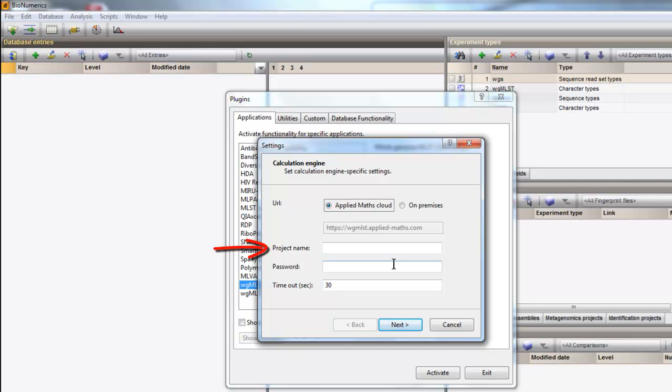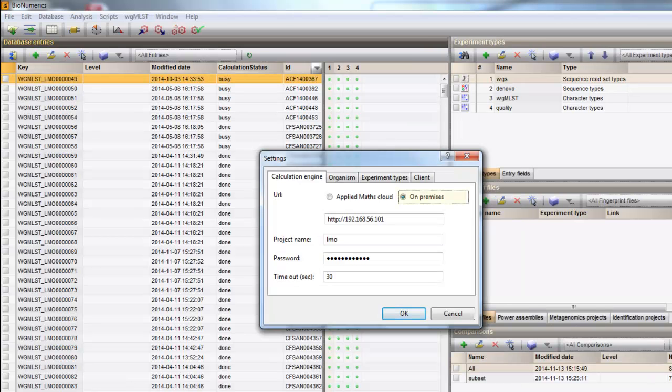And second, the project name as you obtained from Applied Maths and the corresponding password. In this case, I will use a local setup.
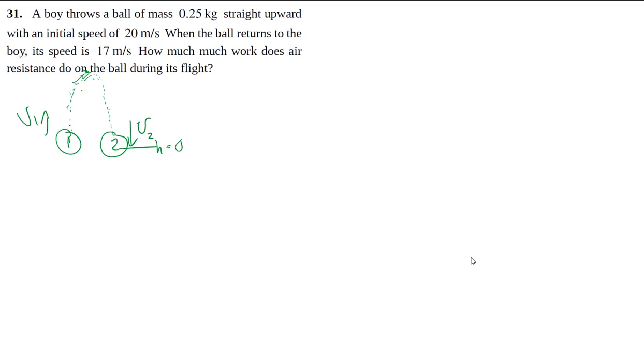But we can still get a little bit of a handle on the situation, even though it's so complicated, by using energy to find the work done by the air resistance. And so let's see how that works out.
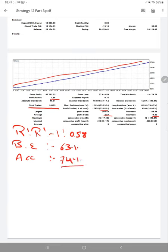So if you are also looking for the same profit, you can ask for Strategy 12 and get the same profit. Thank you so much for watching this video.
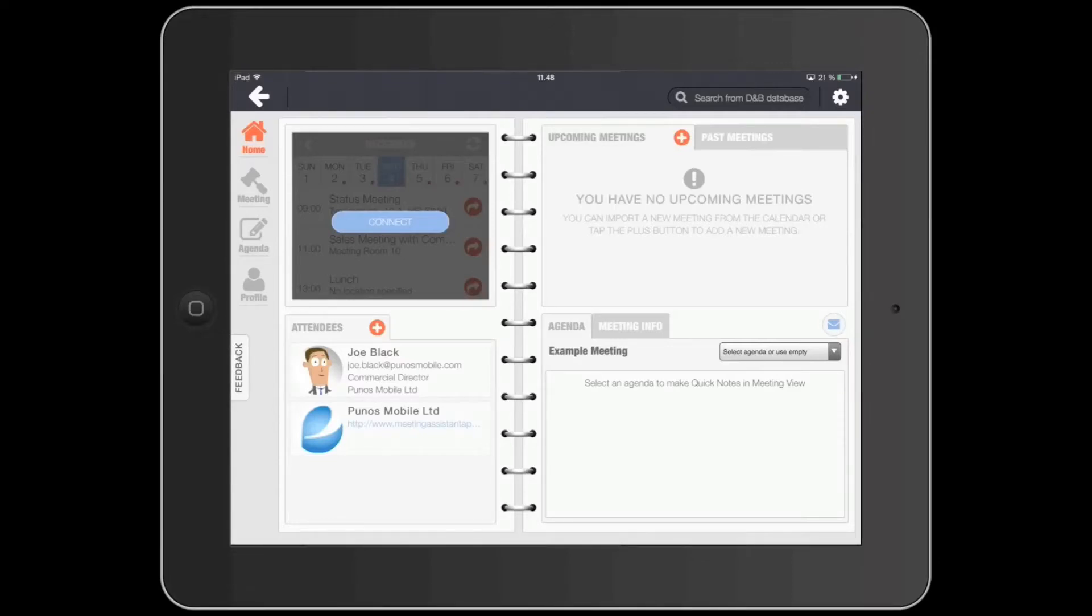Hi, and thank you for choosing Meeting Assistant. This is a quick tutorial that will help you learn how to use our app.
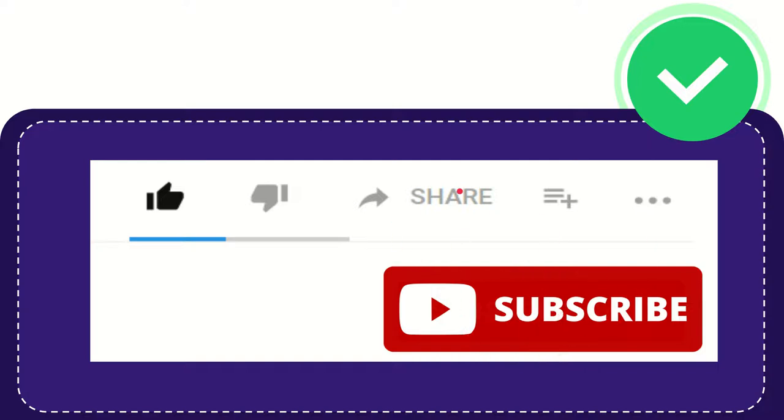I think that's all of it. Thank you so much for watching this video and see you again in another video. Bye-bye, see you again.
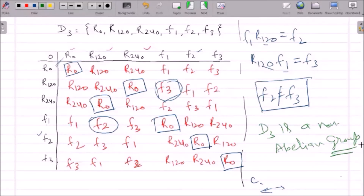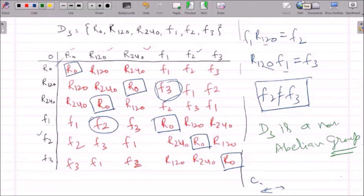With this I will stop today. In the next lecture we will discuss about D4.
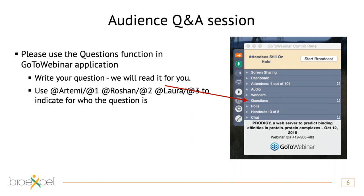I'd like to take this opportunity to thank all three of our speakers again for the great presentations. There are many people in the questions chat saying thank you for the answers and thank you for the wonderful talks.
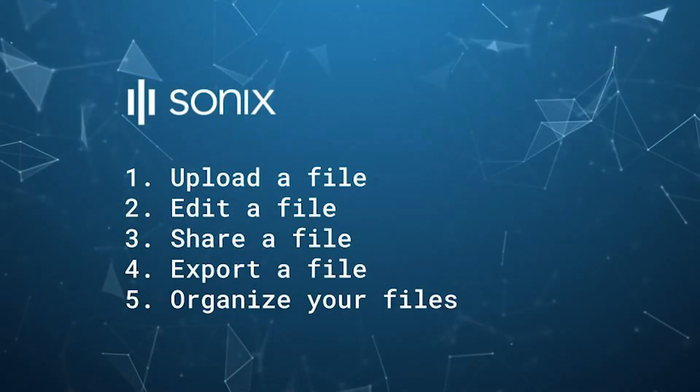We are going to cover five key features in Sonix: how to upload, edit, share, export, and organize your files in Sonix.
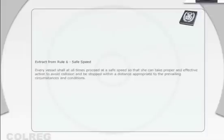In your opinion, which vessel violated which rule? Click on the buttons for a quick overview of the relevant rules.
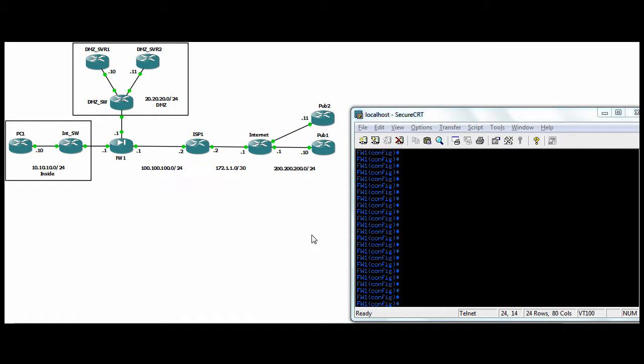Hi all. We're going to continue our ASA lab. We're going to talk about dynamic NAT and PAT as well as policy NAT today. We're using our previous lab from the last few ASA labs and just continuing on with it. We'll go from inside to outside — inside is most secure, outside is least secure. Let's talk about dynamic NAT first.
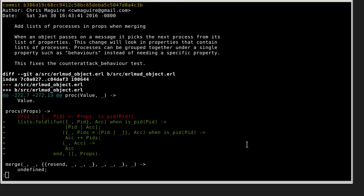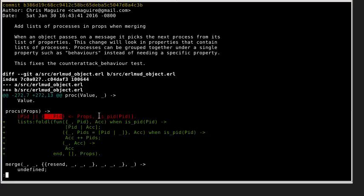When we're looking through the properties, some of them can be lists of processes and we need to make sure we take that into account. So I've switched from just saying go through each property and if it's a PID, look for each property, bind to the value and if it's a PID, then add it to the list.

___

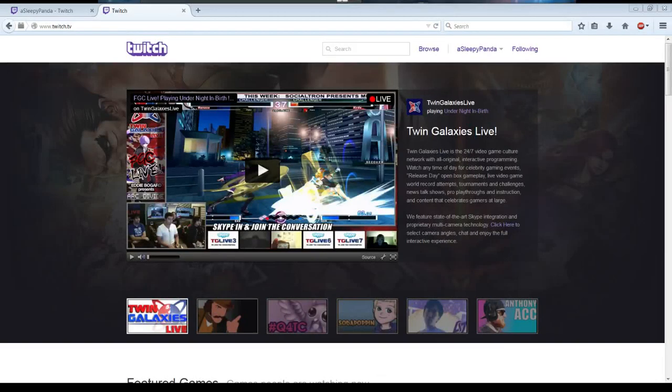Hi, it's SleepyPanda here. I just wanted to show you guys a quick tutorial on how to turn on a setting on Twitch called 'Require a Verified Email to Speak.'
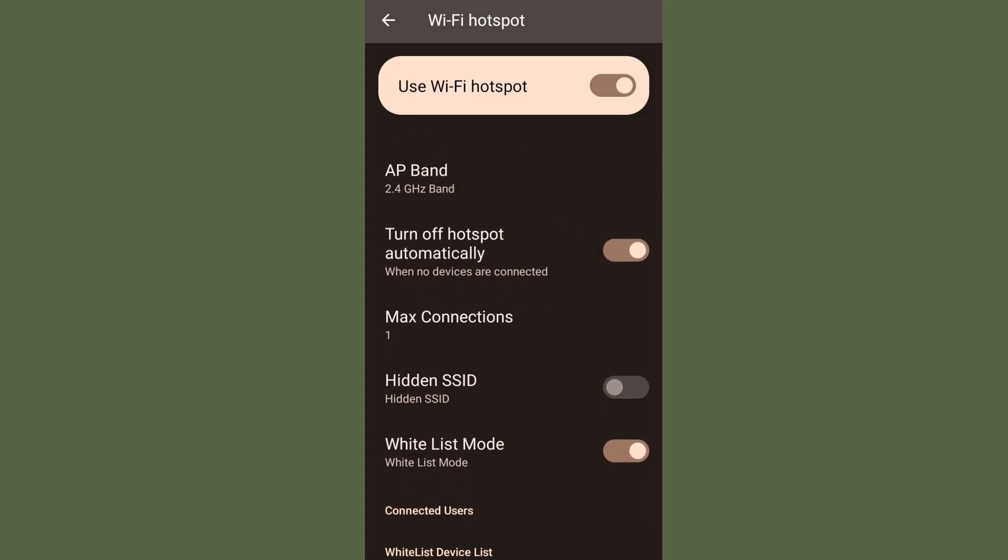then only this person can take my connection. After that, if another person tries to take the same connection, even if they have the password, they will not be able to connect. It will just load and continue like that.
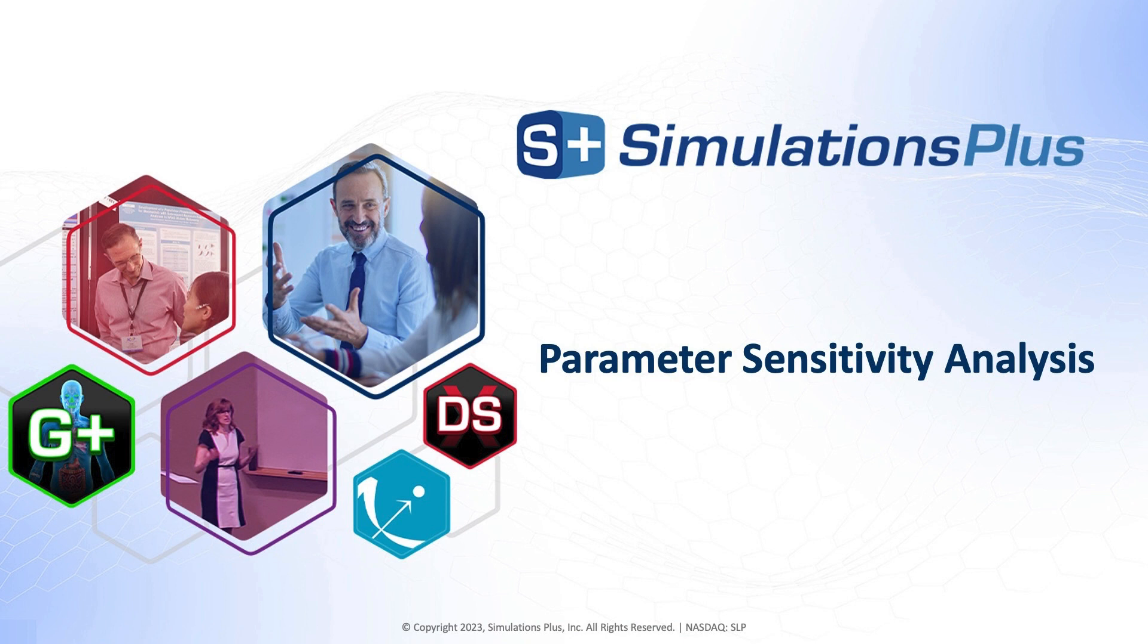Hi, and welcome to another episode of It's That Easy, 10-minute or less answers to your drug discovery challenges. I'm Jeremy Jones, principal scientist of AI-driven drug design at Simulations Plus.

___

**The problem**:
Write back the stretch of lines above that begins with the line holding "Hi, and thank" and ends with the line holding "When we're looking", both included, exactly as written. Pictures stay out.

**Result of the task**:
Hi, and thank you for choosing Meeting Assistant. This is a quick tutorial that will help you learn how to use our app.
I think that's all of it. Thank you so much for watching this video and see you again in another video. Bye-bye, see you again.
With this I will stop today. In the next lecture we will discuss about D4.
I'd like to take this opportunity to thank all three of our speakers again for the great presentations. There are many people in the questions chat saying thank you for the answers and thank you for the wonderful talks.
We are going to cover five key features in Sonix: how to upload, edit, share, export, and organize your files in Sonix.
In your opinion, which vessel violated which rule? Click on the buttons for a quick overview of the relevant rules.
Hi all. We're going to continue our ASA lab. We're going to talk about dynamic NAT and PAT as well as policy NAT today. We're using our previous lab from the last few ASA labs and just continuing on with it. We'll go from inside to outside — inside is most secure, outside is least secure. Let's talk about dynamic NAT first.
When we're looking through the properties, some of them can be lists of processes and we need to make sure we take that into account. So I've switched from just saying go through each property and if it's a PID, look for each property, bind to the value and if it's a PID, then add it to the list.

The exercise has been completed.